Unlike many old-school coaches, Boucher is big on individual meetings, and renovated the Lightning locker room to make it all but impossible for players to enter and leave without passing by his office.

Tampa's players have clearly bought in to Boucher's novel ways. Veteran forward Simon Gagné went so far last week as to suggest his innovations and high-voltage intensity could launch a revolution in NHL coaching.

It's a little early for that kind of talk, but the early reviews are raves.

Legendary bench bosses such as Scotty Bowman and Al Arbour were known to exert psychological pressure on their squads, but they didn't have the benefit of advanced degrees in how athletes think.

And Boucher's approach - former players describe him as a benevolent taskmaster - also seems to borrow liberally from the "nudge" theory of behavioural economics.

"He's trying to change players' habits and the way they do things - he always says you can't do things the same way you always did and expect different results ," said Canadiens winger Mathieu Darche, who played for Boucher last year in the AHL and has been pals with him for 20 years. (Boucher went to junior college with Darche's older sister.) "I've never seen a coach who spends more time preparing, how he deals with players is part of that.
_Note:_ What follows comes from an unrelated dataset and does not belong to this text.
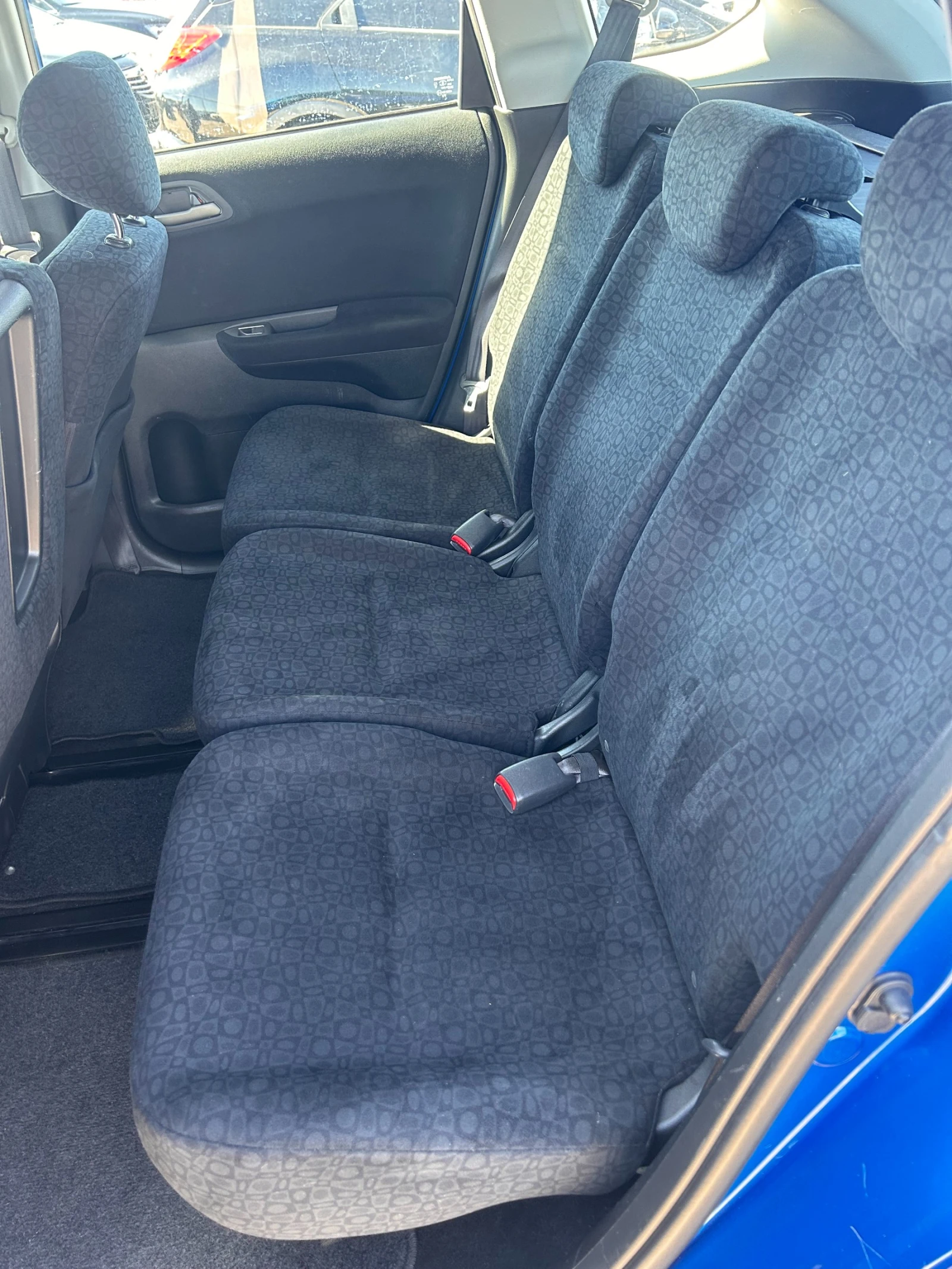 Honda Fr-v 2.0i EURO 4 - изображение 10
He thinks as much about the top scorer as he does the healthy scratches."

That NHL teams are working with psychologists is nothing new - the Calgary Flames hired their first mental performance consultant 30 years ago.

And there is still plenty of eye-rolling among players and executives when the subject of mental performance is raised.

But what may well be changing is the way players and franchises approach their mental preparation in what remains a hidebound, tradition-conscious, tough guy culture.

If Phoenix Coyotes assistant coach Dave King - the Guy Boucher of his time when he took over the Flames in the 1990s - met with considerable resistance from key veterans 15 years ago, the game has since evolved.

Michael Cammalleri, a voracious reader of mental preparation and motivation books, likens it to the attitudinal shift that toward off-ice workouts and nutrition.

"At first, no one was really doing it, and then as guys start to do it they feel like they're getting a competitive edge and no one wants to give it up," the Canadiens forward said.

But this is hockey, a sport that isn't renowned for being an early-adopter when it comes to fancy new theories.

"I think there's still a lot of people who don't believe in it. Maybe that's their mental preparation: not believing in mental preparation," Cammalleri said. "It's an individual thing, whatever works for you."